This article is from the archive of our partner .
Oh the agony of being a fan! Specifically a fan of those gotta-read serial books that recapture a youthful ardor for deep, long reading that we’d mostly thought gone in these quick-burst internet times. I’m speaking of Harry Potter, of Game of Thrones, and, most pertinently to the moment, of Suzanne Collins’ Hunger Games novels, the first of which, called The Hunger Games, has just been turned into an at times thrilling but too often frustrating feature film.

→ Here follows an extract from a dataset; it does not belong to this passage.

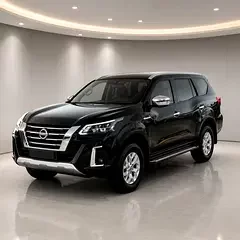 Nissan Xterra
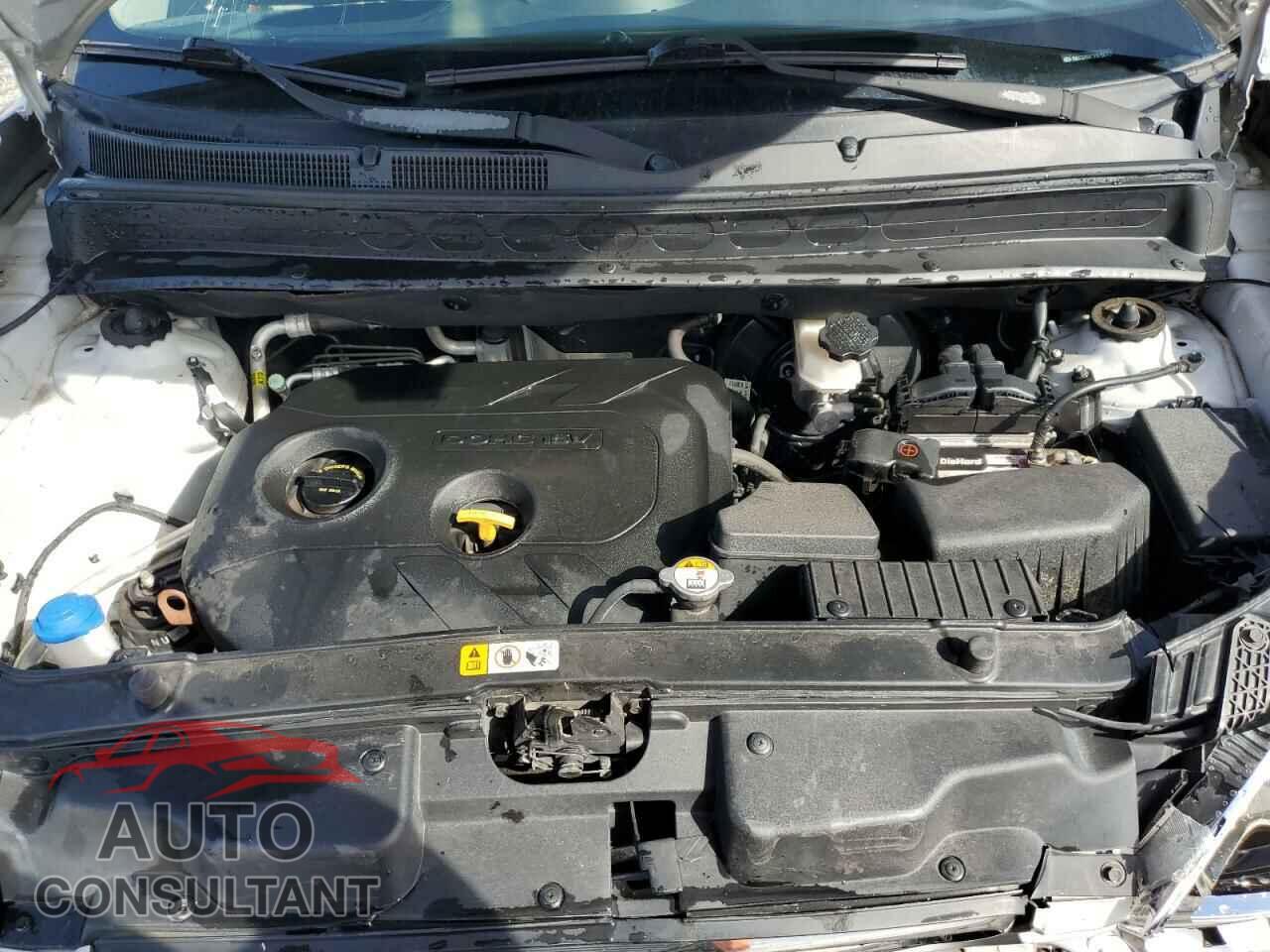 KIA SOUL 2013 - KNDJT2A68D7523726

The agony part comes when, all popcorned up and sweaty ticket holding, one is finally in the theater after a long and arduous wait, ready to watch whatever magic has been conjured from such treasured pages. In The Hunger Games’ case, there isn’t much joy to be expected — this is a brutal, unrelenting story about a dystopian future world in which children from once-rebellious outer districts are forced to compete in to-the-death gladiatorial combat for the delight of the cruelly whimsical denizens of a wealthy, oblivious Capitol. But there is certainly the hope that the filmmaker, in this case director Gary Ross (Pleasantville, Seabiscuit), has figured out how to present the story in a way that satisfies what fans already have living large in their heads. It’s a tough assignment, and also a nerve-wracking experience for the fanboy viewer — what if they get this wrong or omit this or elide that? Then the whole thing will be ruined! Not just the movie, but in some strange way the book too, the whole thing of it will be tainted by a manifest motion picture that just didn’t get it right. We board this expectations rollercoaster over and over again, sometimes to be pleasantly surprised (Harry Potters 3 through 7.0), but other times, all too often in fact, end up dismayed (The Golden Compass).